A plastic two-litre Sprite bottle is melted on our gas stove in the kitchen. Wrinkled, shrunk and deformed, it is now a breathtaking, green, crystalline-like container that holds a large chrysanthemum on the dining table. They all became a part of a rather spectacular Ikebana arrangement, which in turn became the conversation piece as my extended family ushered in the new year together. That silenced the in-house critics for a while. I often marvel at how his mind works. He incessantly photographs too, whenever something or someone catches his fancy, averaging about a gigabyte a day. Despite his severely deficient, partial eyesight, each frame, including the seemingly mundane, are precious to him. He revels in the moment and gets upset when such moments pass untended. For my dad, every subject is gold.
I collect books and curios too. But for me, it is all in phases, and in themes, and have definitive starting and saturation points. Rocks, fountain pens, bottles of famous whisky, cameras, LP records, a modest print and painting collection. I even had a stoneware teapot phase and a light bulb phase. But books have been my longest phase, and biggest heartache. I have spent a percentage of my monthly earnings, for the better part of two decades, on new and second-hand books. A lot these books are on photography and art. Some are on the physics and chemistry of analogue photography, and printing techniques. Most of the newer generation of photographers would not have heard of those subjects or terminology, let alone know about the pioneers in these fields… As though an era shimmered and then vanished. I think those books are going to be very valuable soon. The joy (and loss) of a print made using analogue processes—so that there is just one original—will be the next big wave among intellectual photographers, collectors and gallerists. This is already happening in many countries.
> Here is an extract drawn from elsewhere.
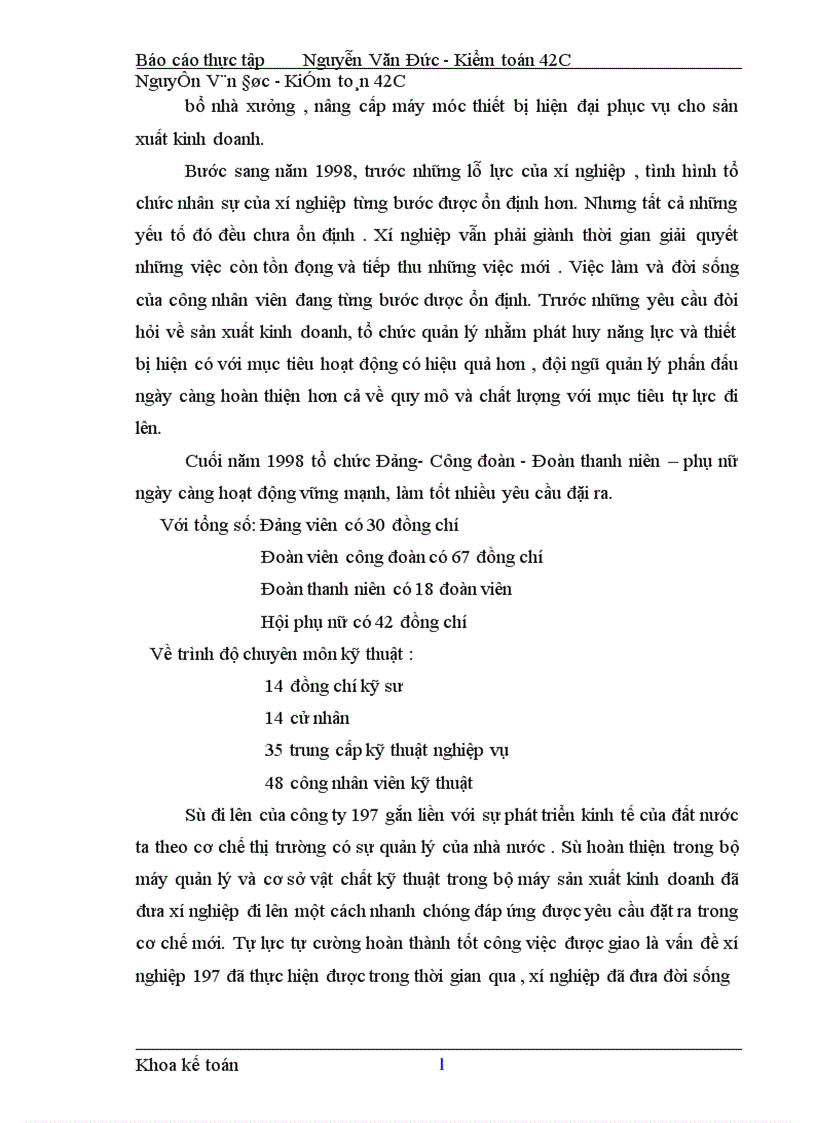 image for page Nhận xét và kiến nghị nhằm hoàn thiện công tác kế toán tại xí nghiệp 197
I must admit that I have not taken very good care of my books and belongings, and I say that despite not inconsiderable effort. When collections become too large and unwieldy, it becomes difficult to care for it very well, especially in humid, coastal environs, and if you don’t have the space or resources. Eventually, some beautifully printed books fade and become dull. Some get damp and mildewed. The really old ones begin to crumble. And books hurt, just as memories hurt, and people hurt when they fade away; as it must for anything truly loved. With me, just as with many, the easiest way to deal with loss is to not deal with it. To ignore the pain until it becomes a dull ache, just like the colours in those books. Thus ended that phase of collecting. Oddly enough, I have come to realise that my photographic method and its failings are exactly similar to the way I collect things. And it is problematic. I have at least two dozen unedited photographic series, some incomplete and languishing… Because I slid, and let that ache ebb, and compromised with myself on myself, on how I treated my collections. Because there is always another day. It is all in the mindset, and in the approach. If there is always a new day for a new beginning, nothing begins now. Trash can certainly be gold if you want it to, and if you know what to do with it. It is infinitely better to start anew, to conclude, to feel loss for the present than to linger in the past, even as you try to get away from it. On that note, the Better Photography family wishes you and your family a Happy New Year. May this year be one of brilliant beginnings and conclusive endings, new prospects and new light.